*** Opening of Dataset records ***
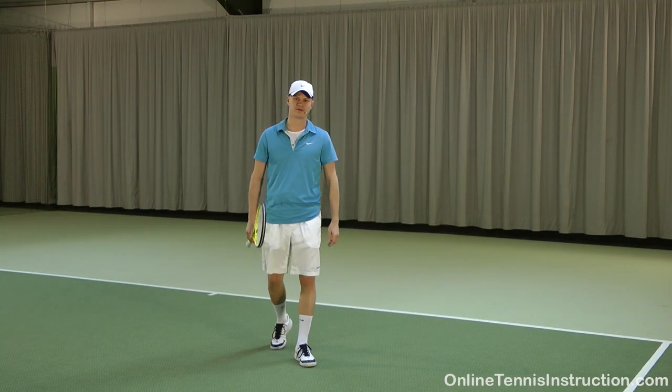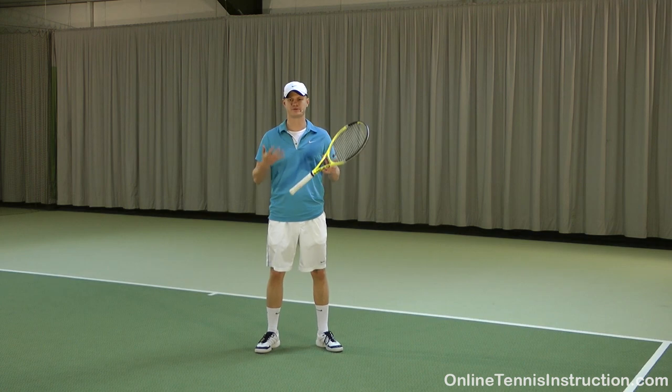Alright, so much for today's tip on the slice backhand. I really hope it helps you with your slice.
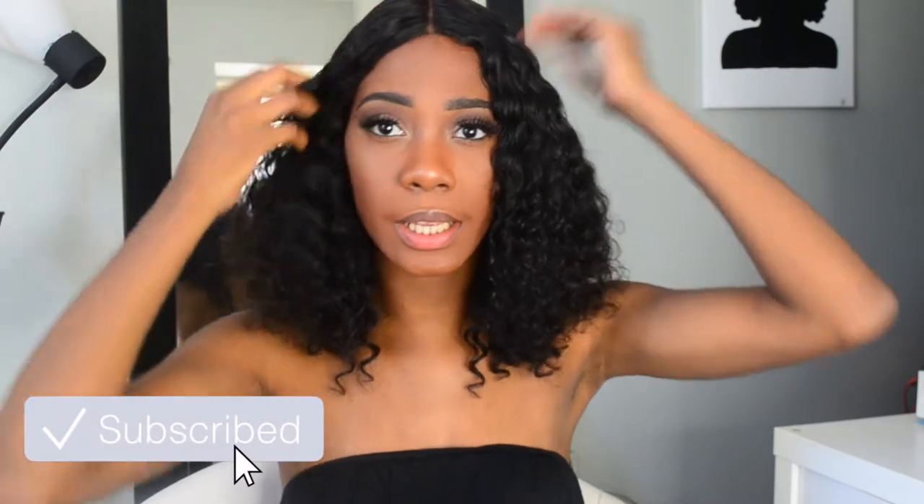This is the Deep Wave Brazilian hair and I got it in 12 inches all around with a 10-inch closure. I bleached it and I plucked it — I could probably pluck it some more but I'm just too scared to over-pluck it. I made this wig myself, my first time ever making my own wig.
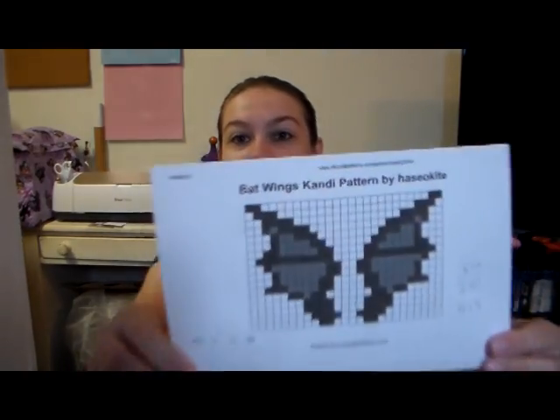They are going to be little bat wings and we are going to be cross-stitching this on plastic canvas. You're going to need plastic canvas — I already made my first wing. I will link to this pattern; it is on candypatterns.com. I'll be using DMC thread 310 which is black, and also 415 and 414 as my grays.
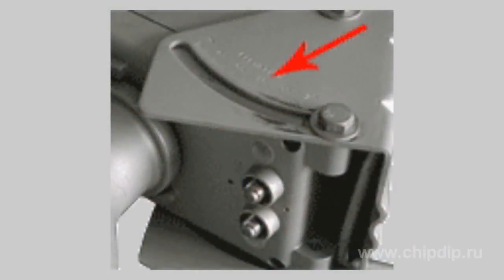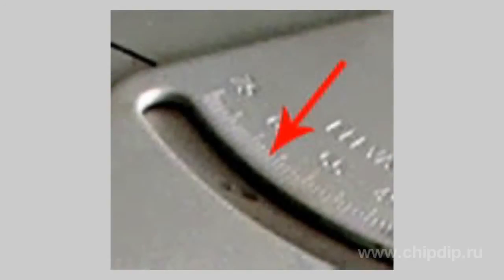There is a scale for satellite dish elevation tuning. It is located on the U-fixation element of the motorized carrier arm. The elevation angle is adjusted in accordance with the geographical position of the installation site.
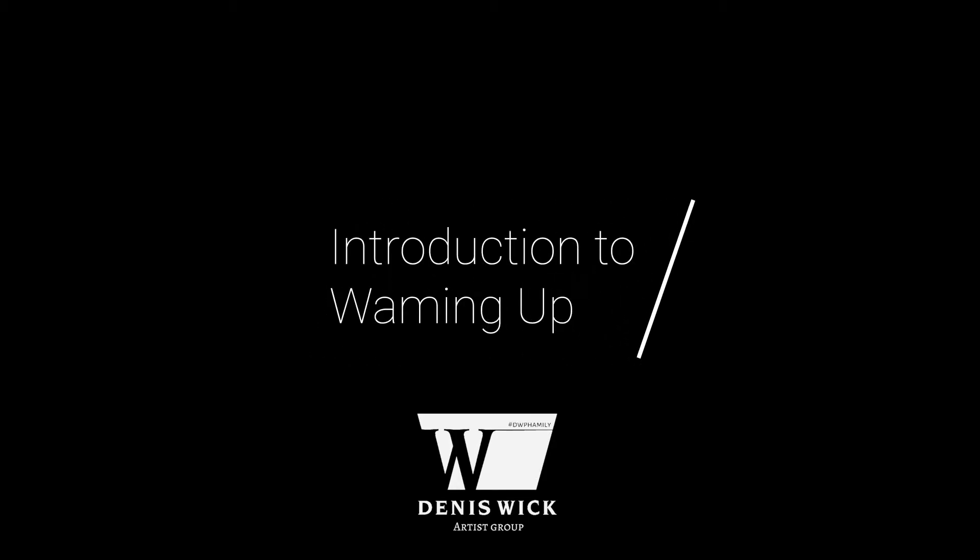Hi, I'm Aaron Tindall. I didn't introduce you outside there, but in case for those of you who don't know me, I'm the associate tuba professor at the University of Miami Frost School of Music and the principal tuba player at the Sarasota Orchestra. So we're here in Sarasota, Florida this morning.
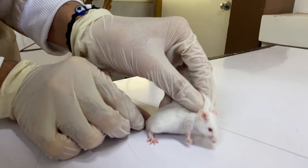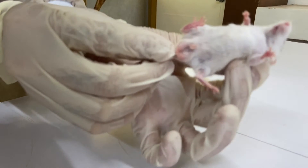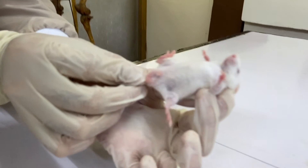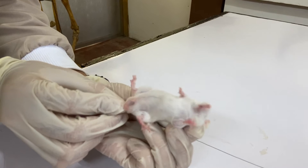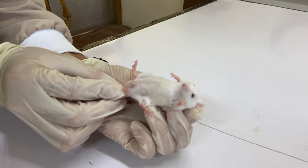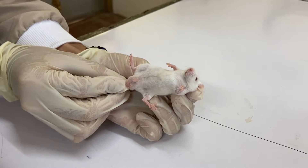Step 5: turn the hand upward so the mouse is positioned with its ventral side up. Step 6: secure the tail by gripping it between the ring or small finger and the ball of the thumb, or holding it with your other hand, whichever is more comfortable for the handler.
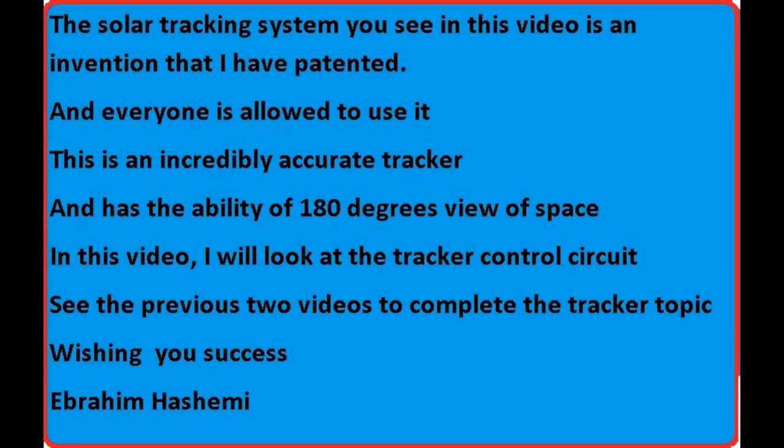The solar tracking system you see in this video is an invention that I have patented, and everyone is allowed to use it. This is an incredibly accurate tracker and has the ability of 180 degrees view of space.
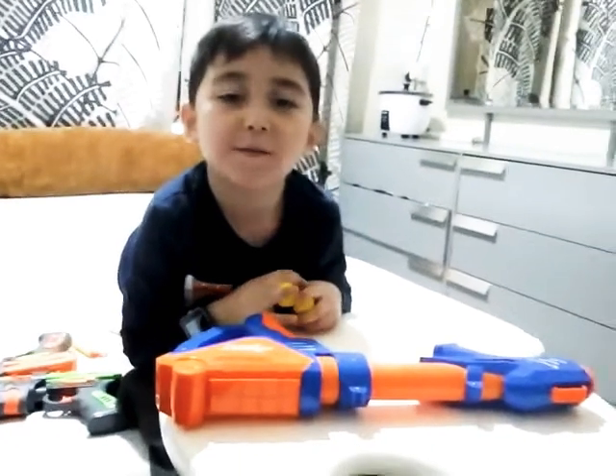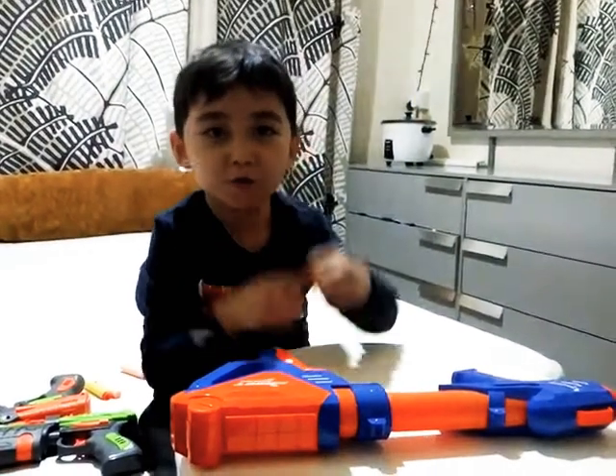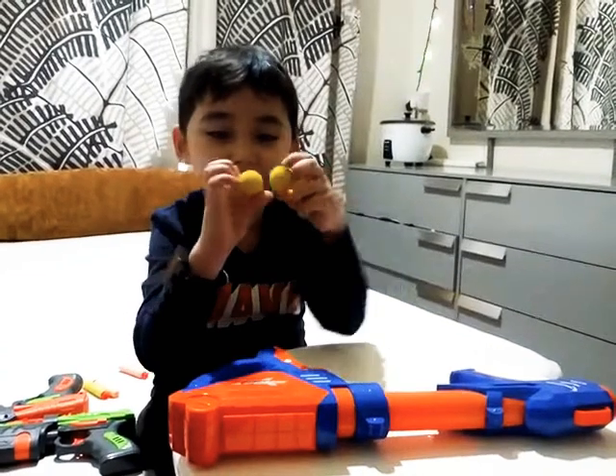Hi everybody, welcome back to my channel. Today I'm going to show you my other Nerf Blasters. Let's get started.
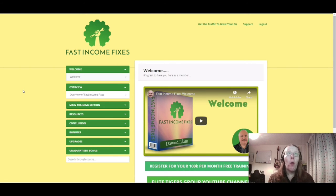So when you purchase it, this is where you'd come into the members area. It's all nice and yellow with a green streak, and at the top you've got 'Get Traffic to Grow Your Biz,' along with support and logout options. On the left-hand side you have the different sections of the training. You may notice this is actually done through ClickFunnels.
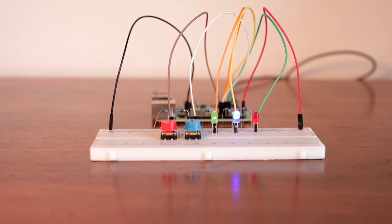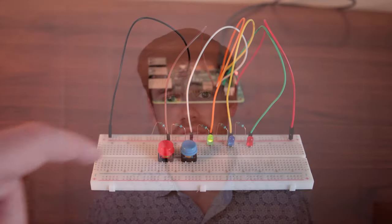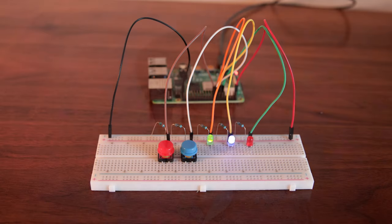Basically, this will always show me whether or not my server is on by lighting up the green light. Then the blue light flashes anytime a signal has successfully been sent and the red light flashes if there was an error. Then the red button turns it off and the blue button turns it on.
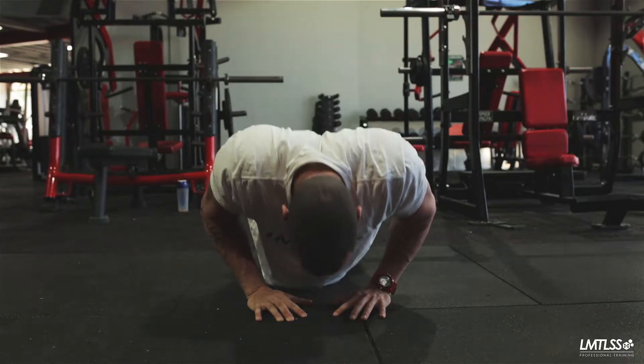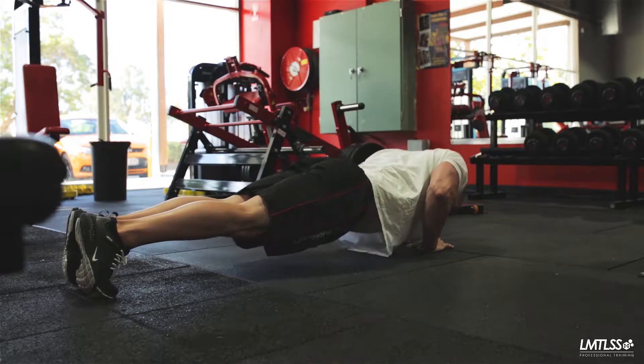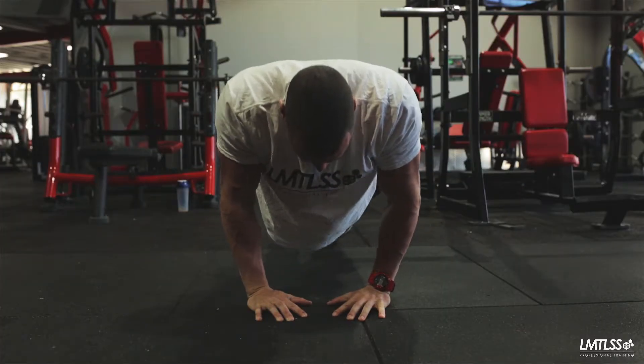Start by positioning yourself as you would a normal push-up, with either your weight on one knee or both. Next, with your index finger and thumb, make a diamond on the ground. Doing so will bring your arms relatively close to one another. Extend the knees to load the triceps and chest.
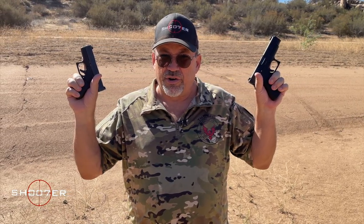In today's video, we're going to spend some quality time with Glock's slimline series, the G43 and the G48. Stick around because we're going to have some fun.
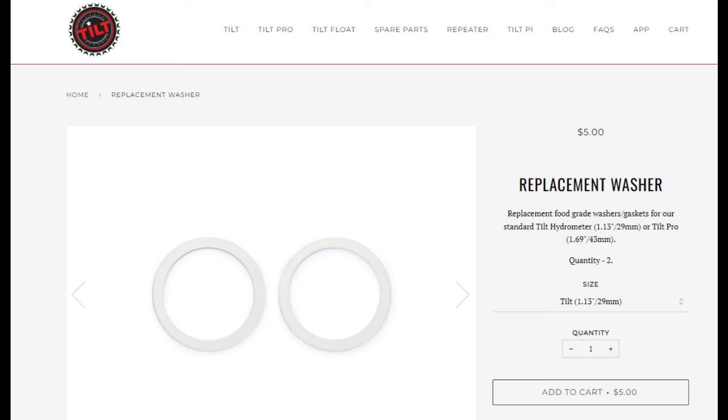I've used a Tilt Hydrometer for quite a while and I'm going to tell you a little bit about how I use it and some of the equipment that helps the Tilt. I had an issue recently — I had to change the battery in it. I ordered some O-rings for the seal, for the lid, from the Tilt Hydrometer website. I got them and changed it out exactly how they want you to do that.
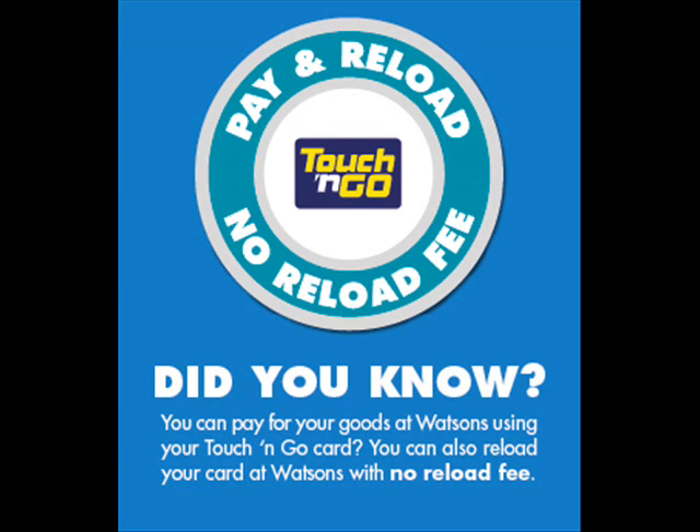What's more, we can even reload our Touch & Go cards at all Watson's stores with no reloading fee. No reloading fee? That's fabulous. What are we waiting for? Let's go to Watson's now.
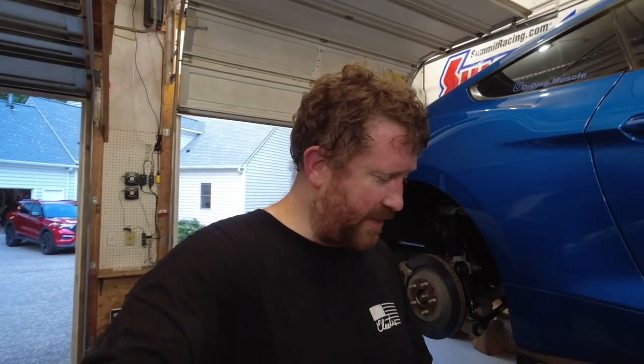I did buy a rear seat delete kit, which should be here in a couple weeks. Because we're going to go ahead and put that in anyway, I'm going to go ahead and remove the back seat just for more weight savings. We'll see between the wheels, the weight savings, and the shocks — see if we can get it to 60 any better at the track, and see if we can't get into the high 11s again.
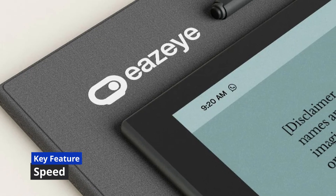Where this device truly shines is speed. The Ease Eye is built to be fast — it's powered by a strong chip and runs the full Android 14 operating system. So you get the best of both worlds: the comfort of paper and the speed of a modern computer.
*** Close of Dataset records ***
Instructions for the task –
Nothing but the lines above from the line with "Hi everybody, welcome" up to and including the line with "So when you" should be returned, exactly as written and without pictures.

Task result –
Hi everybody, welcome back to my channel. Today I'm going to show you my other Nerf Blasters. Let's get started.
So when you purchase it, this is where you'd come into the members area. It's all nice and yellow with a green streak, and at the top you've got 'Get Traffic to Grow Your Biz,' along with support and logout options. On the left-hand side you have the different sections of the training. You may notice this is actually done through ClickFunnels.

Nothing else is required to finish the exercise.